Recomendações para reduzir o impacto da doença – Estratégias de manejo
1- Monitoramento intensificado e vigilância de áreas cultivadas para identificação precoce dos sintomas.
- Estabelecer protocolo de detecção precoce do patógeno via PCR e/ou via sequenciamento por HTS em suporte às ações de
monitoramento e vigilância. - Acreditação de laboratórios para diagnosticar e indexar importantes patógenos de mandioca.
2- Quarentena: Implementação de medidas de quarentena para restringir a circulação de material vegetal das áreas afetadas.
3- Cortes saudáveis: Uso de estacas de mandioca comprovadamente saudáveis, que foram produzidas em regiões sem a doença ou em condições que não permitem que o patógeno cresça (por exemplo, câmaras térmicas, viveiros e estufas)
4- Tratamento químico: Utilização de fungicidas específicos para controlar a propagação do patógeno, em conformidade com as normas locais.
5- Práticas culturais: Remoção e eliminação por queima de plantas doentes para reduzir a inoculação em áreas afetadas e diminuir a incidência de novas plantas infectadas.

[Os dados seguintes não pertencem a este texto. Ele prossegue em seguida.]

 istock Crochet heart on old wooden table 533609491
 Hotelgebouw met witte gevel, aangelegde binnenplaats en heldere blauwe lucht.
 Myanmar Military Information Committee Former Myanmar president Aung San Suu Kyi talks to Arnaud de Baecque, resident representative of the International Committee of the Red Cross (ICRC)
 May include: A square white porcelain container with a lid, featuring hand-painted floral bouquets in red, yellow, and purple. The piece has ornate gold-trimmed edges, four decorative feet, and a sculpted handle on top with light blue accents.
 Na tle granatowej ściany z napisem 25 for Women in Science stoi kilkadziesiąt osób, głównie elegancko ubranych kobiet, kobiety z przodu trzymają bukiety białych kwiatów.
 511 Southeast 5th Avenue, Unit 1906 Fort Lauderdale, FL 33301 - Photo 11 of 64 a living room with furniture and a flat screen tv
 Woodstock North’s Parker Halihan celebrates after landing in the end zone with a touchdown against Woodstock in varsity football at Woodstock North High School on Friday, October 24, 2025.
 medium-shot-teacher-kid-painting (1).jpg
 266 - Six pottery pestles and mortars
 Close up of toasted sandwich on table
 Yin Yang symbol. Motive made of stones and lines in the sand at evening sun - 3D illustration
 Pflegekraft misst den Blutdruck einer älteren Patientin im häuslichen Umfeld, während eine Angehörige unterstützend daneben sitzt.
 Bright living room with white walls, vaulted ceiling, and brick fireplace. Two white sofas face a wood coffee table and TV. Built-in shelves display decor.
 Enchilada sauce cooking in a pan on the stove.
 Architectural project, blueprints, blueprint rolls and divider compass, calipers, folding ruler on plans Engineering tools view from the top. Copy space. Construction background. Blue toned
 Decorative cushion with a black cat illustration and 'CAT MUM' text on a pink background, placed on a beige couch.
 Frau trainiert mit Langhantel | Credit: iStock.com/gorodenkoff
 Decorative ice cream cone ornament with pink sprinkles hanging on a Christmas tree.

6- Assepsias/sanitização de ferramentas usadas para destruir plantas que apresentam sinais da doença. Lavagem com água e detergente e em seguida a sanitização com solução de hipoclorito de sódio de 1,25%.
7- Realizar o ensacamento e rápida lavagem de roupas, calçados e chapéus e ou bonés utilizados nas visitas em áreas afetadas pela doença, de forma a evitar a disseminação de esporos para outras regiões do país.
8- Elaborar publicações, vídeos e cartazes para aumentar a conscientização sobre os sinais da doença e os meios de transmissão.
Este é o primeiro relato da presença de Ceratobasidium theobromae no Brasil, representando um risco iminente à cultura da mandioca, uma vez que foi recentemente descrito causando a vassoura de bruxa da mandioca em países da Ásia (Leiva et al., 2023) e também está associado à doença Vascular Streak Dieback (VSD) em cacau (Theobromae cacao), também na Ásia. A presença deste patógeno representa um risco não somente à mandiocultura, mas também a outras culturas de grande importância econômica para o país, como o cacau e outras plantas da mesma família, caso do cupuaçu (Theobroma grandiflorum).
A dispersão de Ceratobasidium theobromae pode ocorrer através de material vegetal infectado, ferramentas de corte, além de possivelmente pela movimentação de solo e água. A movimentação de plantas e produtos agrícolas entre regiões pode facilitar a dispersão do patógeno, aumentando o risco de infecção em novas áreas. A detecção de Ceratobasidium theobromae no Brasil requer atenção imediata para evitar a disseminação da doença e proteger as culturas agrícolas vulneráveis. A cooperação entre agentes de ATER, órgãos de defesa vegetal estaduais, pesquisadores, agricultores e autoridades governamentais é crucial para implementar medidas efetivas de contenção, manejo e controle, garantindo a segurança e sustentabilidade da produção agrícola no país.